A PROMINENT senior lawyer in Kenya, Professor Tom Odhiambo Ojienda, has persuaded the high court in Nairobi to order that the country’s tax bosses give him a current tax compliance certificate, despite their earlier refusal to do so. The revenue authorities say the lawyer owes them a lot of money and so they won’t issue the certificate. But Ojienda told the judge he needed the certificate so that he could contest a seat he wants to keep – on Kenya’s Judicial Service Commission, the body that helps select the country’s judges. Though he won the interim order, the revenue authorities have noted an appeal.
The appropriateness of the death penalty as a punishment for even extremely violent murder has been raised at the Supreme Court in Kampala. Members of Uganda’s apex court were considering the case of a 63-year-old woman who murdered and dismembered her husband. Though she was originally condemned to death, the five Supreme Court justices have replaced that sentence with a 30-year jail term. The case illustrates the close attention a trial court needs to pay to the balance between mitigating and aggravating circumstances to get the sentence right, as per the sentencing guidelines. It also illustrates that Uganda's apex court is reluctant to approve the death penalty.
A major case on the environmental and human rights of villagers in Zambia was heard in the English courts over two days this week. The appeal concerns the question of where villagers, suing over the pollution of their water via mining action, may bring their dispute. They want the case heard in the UK while Vedanta, the parent company they are targeting, says the “natural forum” for the matter would be Zambia. If the English Supreme Court gives the go-ahead for the case to be heard in the UK, it will have a major impact on many other environmental cases and be a significant step in the development of environmental law, making it easier to hold international parent companies responsible for the actions of their subsidiaries.
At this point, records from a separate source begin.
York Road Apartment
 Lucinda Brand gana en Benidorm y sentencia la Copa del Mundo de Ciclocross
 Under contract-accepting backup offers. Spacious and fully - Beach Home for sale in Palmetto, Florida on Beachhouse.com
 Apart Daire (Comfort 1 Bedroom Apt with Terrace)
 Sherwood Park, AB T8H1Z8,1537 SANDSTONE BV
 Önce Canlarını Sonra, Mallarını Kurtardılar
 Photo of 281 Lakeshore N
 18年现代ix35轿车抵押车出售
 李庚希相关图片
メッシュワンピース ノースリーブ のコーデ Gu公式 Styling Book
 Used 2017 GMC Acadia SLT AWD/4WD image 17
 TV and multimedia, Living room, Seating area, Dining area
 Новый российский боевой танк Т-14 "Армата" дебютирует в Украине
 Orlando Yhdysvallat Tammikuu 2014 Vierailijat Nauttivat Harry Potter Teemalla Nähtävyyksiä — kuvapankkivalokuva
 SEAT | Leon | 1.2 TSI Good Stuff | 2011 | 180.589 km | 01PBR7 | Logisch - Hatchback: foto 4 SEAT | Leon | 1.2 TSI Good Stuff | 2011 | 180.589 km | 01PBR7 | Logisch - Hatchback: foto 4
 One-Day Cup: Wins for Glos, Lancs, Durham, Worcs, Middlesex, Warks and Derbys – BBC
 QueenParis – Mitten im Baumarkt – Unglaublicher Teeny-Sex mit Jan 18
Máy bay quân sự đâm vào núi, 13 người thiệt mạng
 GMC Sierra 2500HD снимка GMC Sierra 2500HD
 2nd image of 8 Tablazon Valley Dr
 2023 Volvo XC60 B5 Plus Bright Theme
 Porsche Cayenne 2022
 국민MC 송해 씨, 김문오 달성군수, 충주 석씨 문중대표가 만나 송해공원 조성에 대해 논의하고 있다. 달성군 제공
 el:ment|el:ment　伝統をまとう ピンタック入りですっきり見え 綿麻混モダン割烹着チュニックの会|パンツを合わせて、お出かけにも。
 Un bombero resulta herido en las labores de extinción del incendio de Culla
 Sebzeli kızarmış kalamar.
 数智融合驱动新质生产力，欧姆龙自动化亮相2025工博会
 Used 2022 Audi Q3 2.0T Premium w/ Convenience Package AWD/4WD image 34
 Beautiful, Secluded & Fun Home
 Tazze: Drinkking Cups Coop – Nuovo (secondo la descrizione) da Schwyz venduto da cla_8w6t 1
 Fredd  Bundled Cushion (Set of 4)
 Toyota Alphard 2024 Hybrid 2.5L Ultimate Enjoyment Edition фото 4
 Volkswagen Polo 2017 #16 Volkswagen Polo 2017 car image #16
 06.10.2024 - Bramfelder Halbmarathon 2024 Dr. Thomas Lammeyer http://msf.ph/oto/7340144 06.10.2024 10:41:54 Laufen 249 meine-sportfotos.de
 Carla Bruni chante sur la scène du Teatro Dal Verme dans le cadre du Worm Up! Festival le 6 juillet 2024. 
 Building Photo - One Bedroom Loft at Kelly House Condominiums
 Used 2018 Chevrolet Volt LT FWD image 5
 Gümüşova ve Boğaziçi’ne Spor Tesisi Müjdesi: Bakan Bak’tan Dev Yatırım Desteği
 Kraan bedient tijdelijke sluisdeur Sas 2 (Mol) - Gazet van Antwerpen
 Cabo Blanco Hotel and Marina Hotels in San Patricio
After a cattle-rustling raid into Zambia by uniformed Angolan soldiers armed with assault rifles, a local man has been convicted and sentenced to death. It is an unusual case for several reasons: armed border raids seldom result in a conviction, for example. But it is also significant because it shows the Supreme Court, Zambia's highest legal forum, taking more than four years to deliver judgment. Given that the case did not appear to involve particularly complex legal issues, questions have to be asked about why the judges took so long - especially in a case that concerns the death penalty - and why they felt no need to explain the delay.